I wonder if anyone has done a survey of views? There is some "do no harm",
exploit non-destructive techniques, and reserve excavation for rescue
archaeology. But seemingly a variety of other standards of care for site
conservation and consumption.

Not my field, but one thing I've anecdotally seen underappreciated, is the
rate of change in molecular biology, and thus eventually in molecular
archaeology (aka bioarchaeology outside the US). Where over a mere decade or
two, "can't imagine doing X" can change to "doing X costs years and millions",
and then to "new trainee can casually do X in an afternoon", and even to "X is
a field-deployable box". With a potential impact... for example, it turns out
tooth calculus preserves DNA. So from millennia old teeth, one might sequence
the owner, their mouth microbiome (with health information), and the species
they've been eating. Grabbing a few soil samples might be ok if you're
thinking pollen, but rather less so if a single tiny rat incisor might tell
you so much. And proteomics is just getting started. And in addition to
biology, there's improving imaging, inorganic materials analysis, bulk data
management, robotics, and so on.

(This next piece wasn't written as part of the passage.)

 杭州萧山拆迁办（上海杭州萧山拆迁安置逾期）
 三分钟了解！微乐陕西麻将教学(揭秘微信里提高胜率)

Aggressive excavation, with 'DSLR, eyeball,
sample bagging, brush, sift, and float', while largely unchanged for decades,
seems rather more problematic if one looks ahead?

------
nether
A Roman makeup container was found a while ago, with fingerprints still
visible in the cream: [https://www.sciencenewsforstudents.org/article/makeup-
scienc...](https://www.sciencenewsforstudents.org/article/makeup-science)

------
ionised
Someone in the comments section actually blamed the fall of the Roman Empire
on socialism.

See this is what not making education a priority gets you.